O Governo encontra aqui novo balão de oxigénio e, desde então, passa a acusar o PSD de querer abolir o Estado social. O discurso durou, mas não vingou. Bastava fazer contas. Miguel Sousa Tavares fê-las no semanário "Expresso". "Temos 3,5 milhões de pensionistas; 2,2 milhões de estudantes subsidiados pelo Estado; 700 mil funcionários públicos; 300 mil desempregados a receberem subsídio de desemprego, mais os que recebem Rendimento Social de Inserção. São sete milhões de portugueses, dois terços da população, que vivem dependentes em grande parte do Estado." Até a ministra Gabriela Canavilhas admitiria: "O Estado social está em colapso iminente."
Assim, em Outubro, cinco meses depois do PEC II, já vários países, como Espanha, tinham há muito avançado com cortes salariais na Função Pública, quando Sócrates, entalado entre a crise e a necessidade de ver aprovado o Orçamento do Estado (OE) para 2011, reconhece que o problema das contas públicas não está resolvido e anuncia novo e violentíssimo pacote de austeridade, o PEC III: salários e benefícios fiscais cortados, pensões congeladas, IVA aumenta.
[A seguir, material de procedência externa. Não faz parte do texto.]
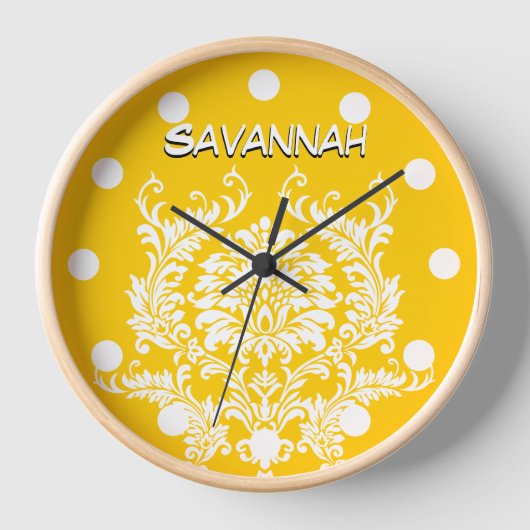 マスタードパーソナライズされたイエローダマスクの壁時計 壁時計 (正面)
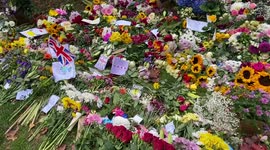 Thousands of people lay flowers in Green Park in tribute to the Queen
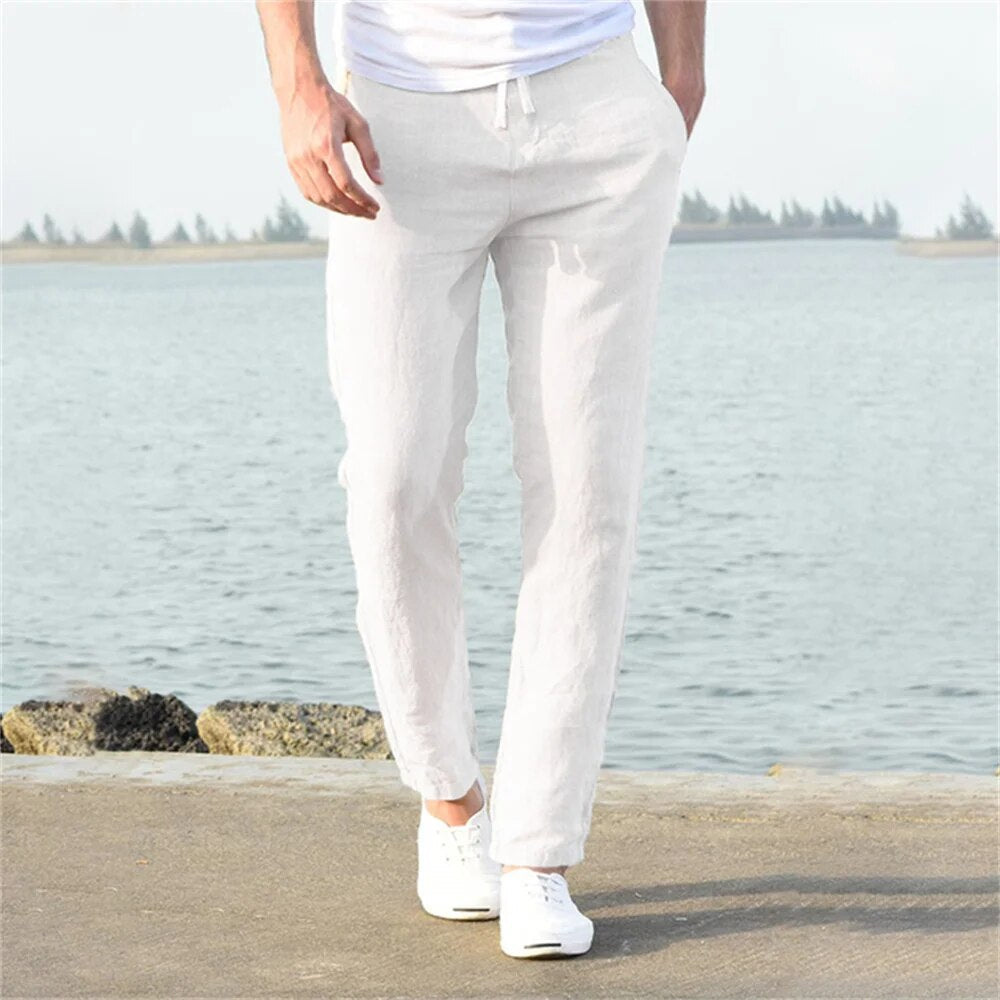 Rugal | Herren Leichte Sommerhose | Weiße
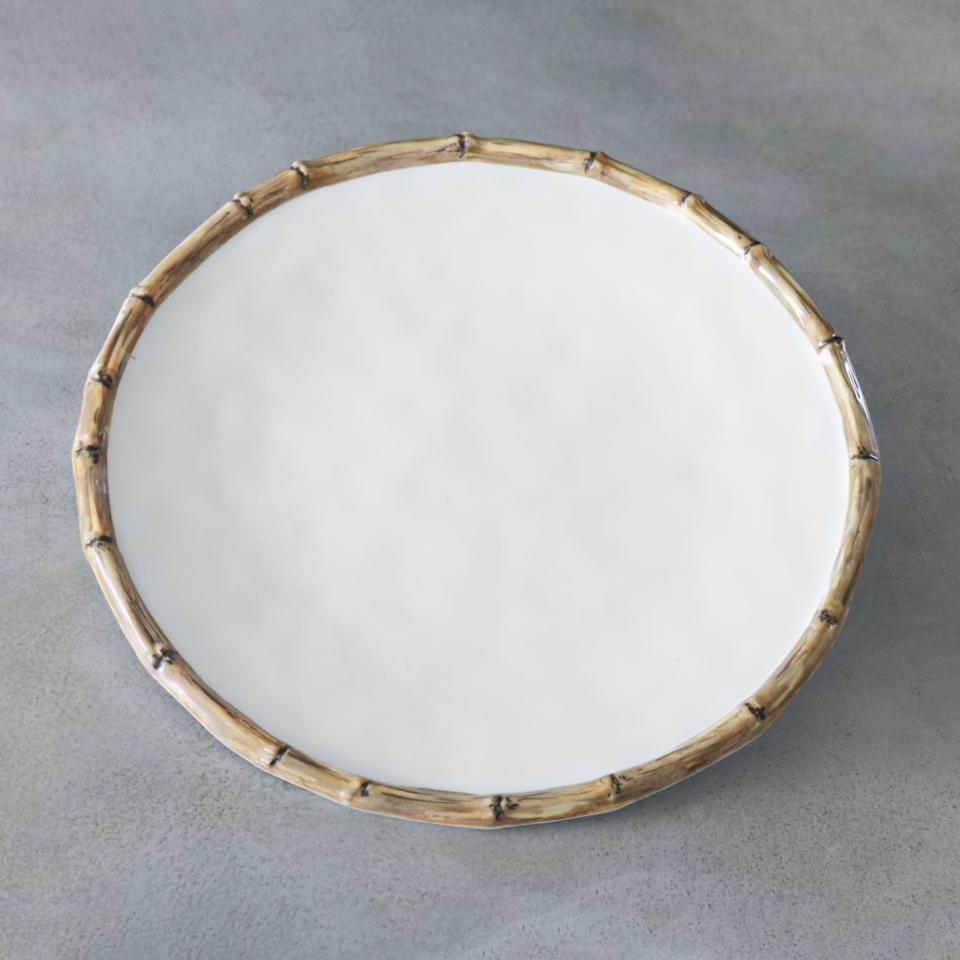 Bamboo 11" Dinner Plate Set of 4 (White and Natural)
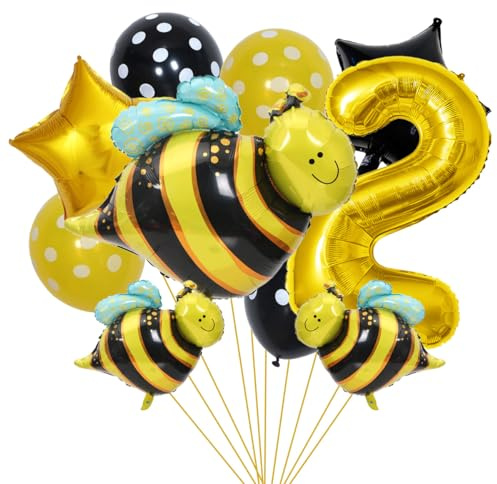 SNOWZAN Bienen Geburtstagsdeko 2. Geburtstag Mädchen Junge Bienen Deko Luftballons bei 2 Jahre Geburtstag Deko Gelbe Bienen Folienballon Zahlen Ballon Nummer 2 für Kinder Geburtstag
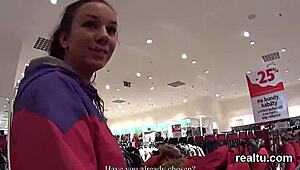 Attractive Czech Girl Seduced, Clothes Ripped in Shop POV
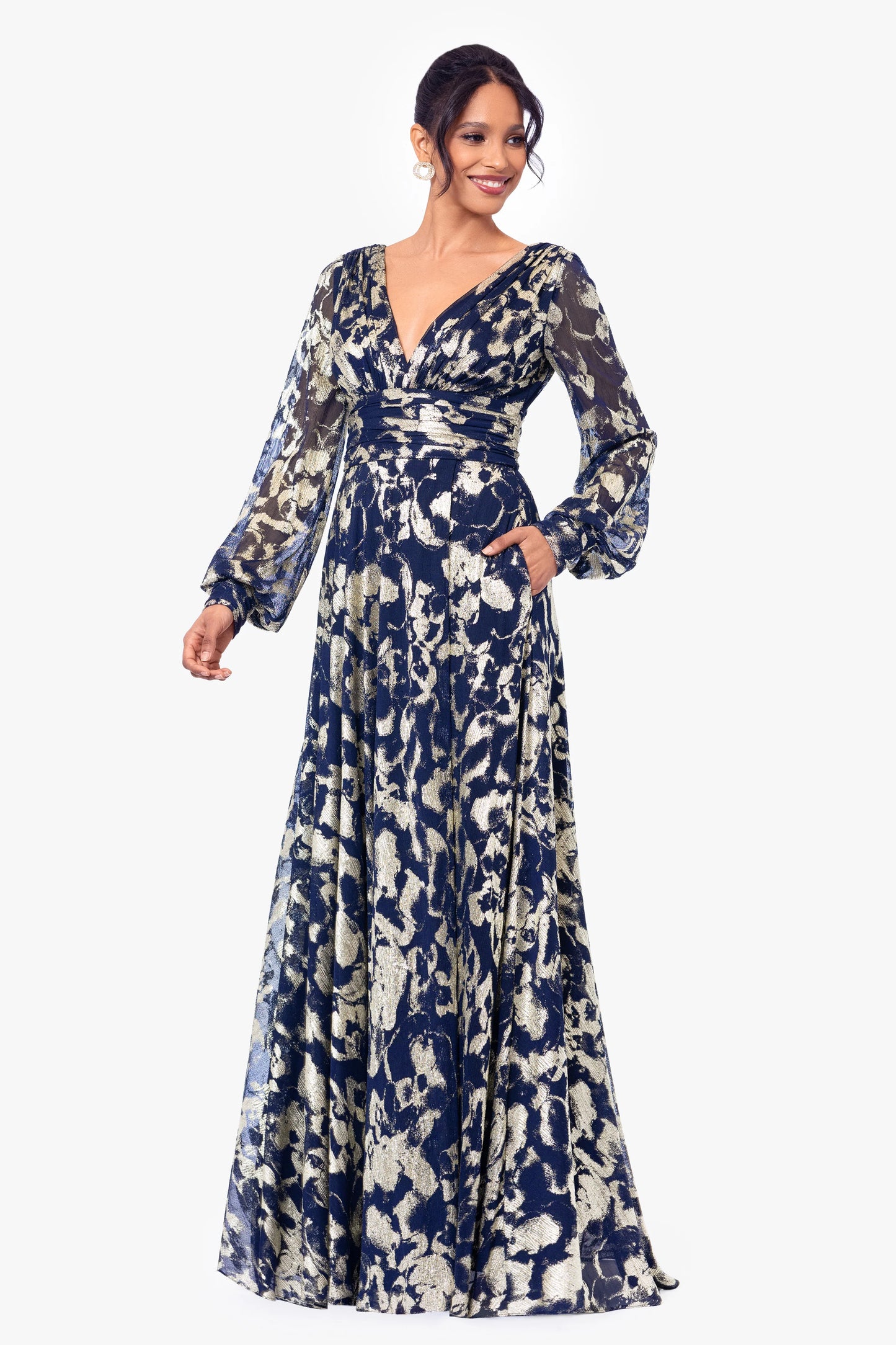 Petite "Annabelle" Metallic Foil and Long Mesh Sleeve Gown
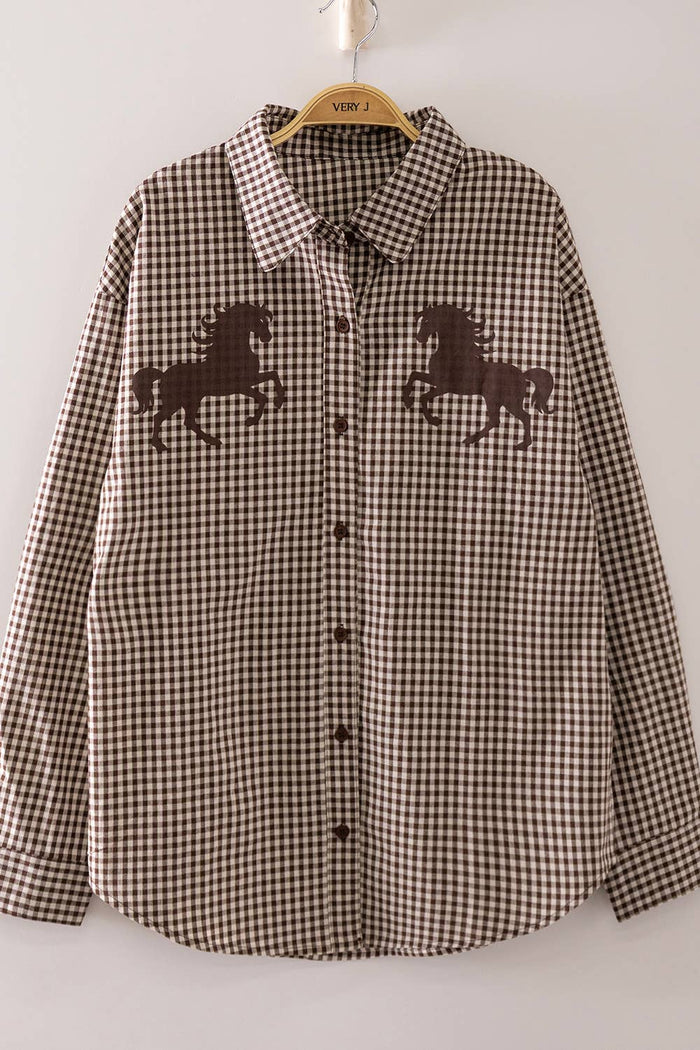 Western Horse Gingham Shirt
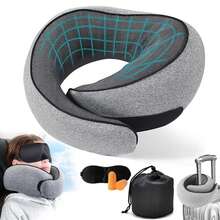 Almohada de Viaje en Negro - Memory Foam, Soporte Cervical, Transpirable, Funda Extraíble, con Mascarilla y Tapones, Plegable - Negro - Ver 1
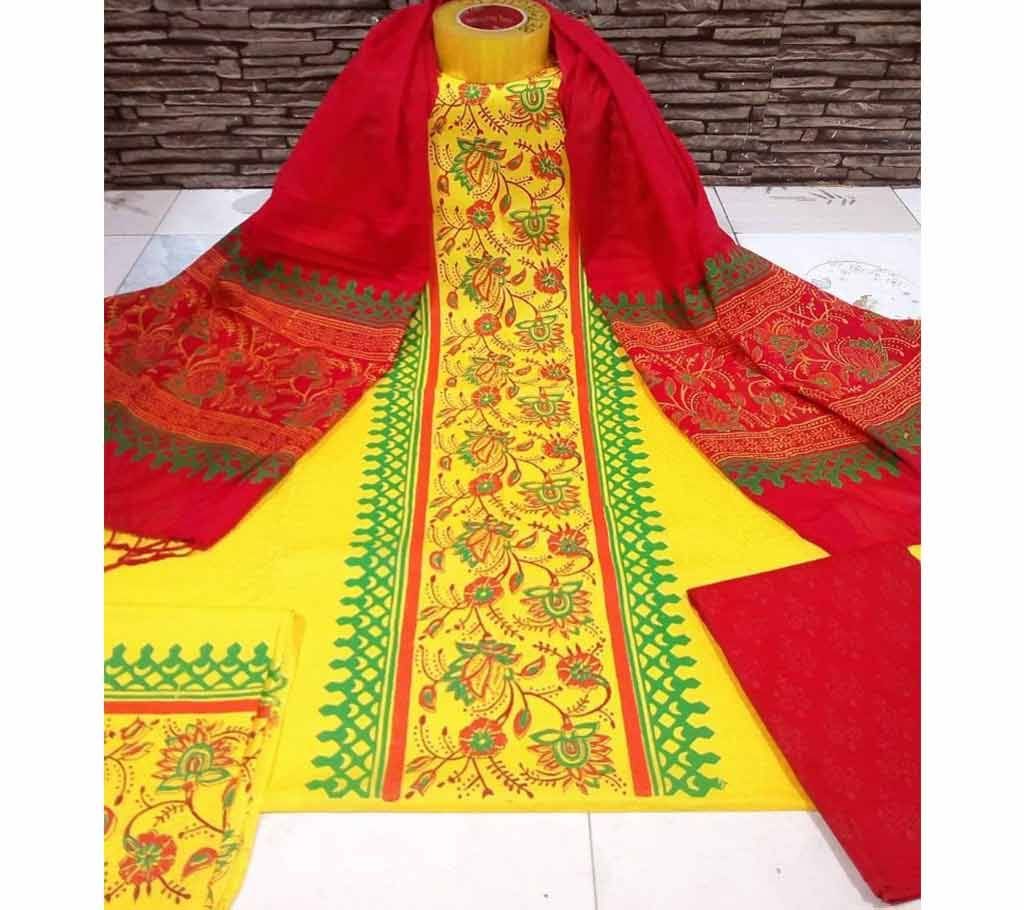 Unstitched Yellow And Red Cotton screen Printed Salwar Kameez for Women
O objectivo mantém-se: atingir um défice de 7,3% em 2010, 4,6% em 2011, 3% em 2012.
Viabilização do OE
Por esta altura, no léxico comum dos portugueses já estavam perfeitamente introduzidos termos até então improváveis: mercados; agências de rating (juros chegaram aos 7,3%); dívida soberana na República a ultrapassar os 100%, regresso do FMI, expulsão do Euro. Acresce o desemprego, a afectar mais de meio milhão de portugueses (11%) e o aumento do crédito malparado, que nas famílias representa 2,98% (4.217 milhões) do valor emprestado; e nas empresas 5,7 vezes mais (subiu 364 milhões).
Foi neste cenário, altamente adverso, que foi discutida a viabilização do OE para o próximo ano. Nova novela. O silêncio inicial do PSD fazia adivinhar um chumbo. Sócrates ameaçava demitir-se caso tivesse de governar por duodécimos. É então criada uma equipa com Teixeira dos Santos e Eduardo Catroga, ex-ministro das Finanças de Cavaco, a servirem de treinadores de jogo político. E é em casa deste que o protocolo que garante a abstenção do PSD na votação do OE acaba assinado, mas sem direito a fotografia oficial. No entanto, e ao contrário do que se julgava, o entendimento não teve, num primeiro momento, impacto nos juros, que se mantiveram acima dos 7% . E não só não impediu como impeliu a greve geral de 24 de Novembro. As duas plataformas sindicais, UGT e CGTP, surgiram unidas ao fim de duas décadas. A contestação foi silenciosa e à chuva, mas de agravada importante. O cenário é o pior possível: Portugal está no purgatório e não será em 2011 que saberá se alcançará o céu. Ou o Inferno. Para piorar, esta semana, a agência financeira Fitch, preocupada com o financiamento dos bancos e do Estado, agravou o rating da dívida pública. Em 2011, os portugueses vão embarcar num comboio-fantasma.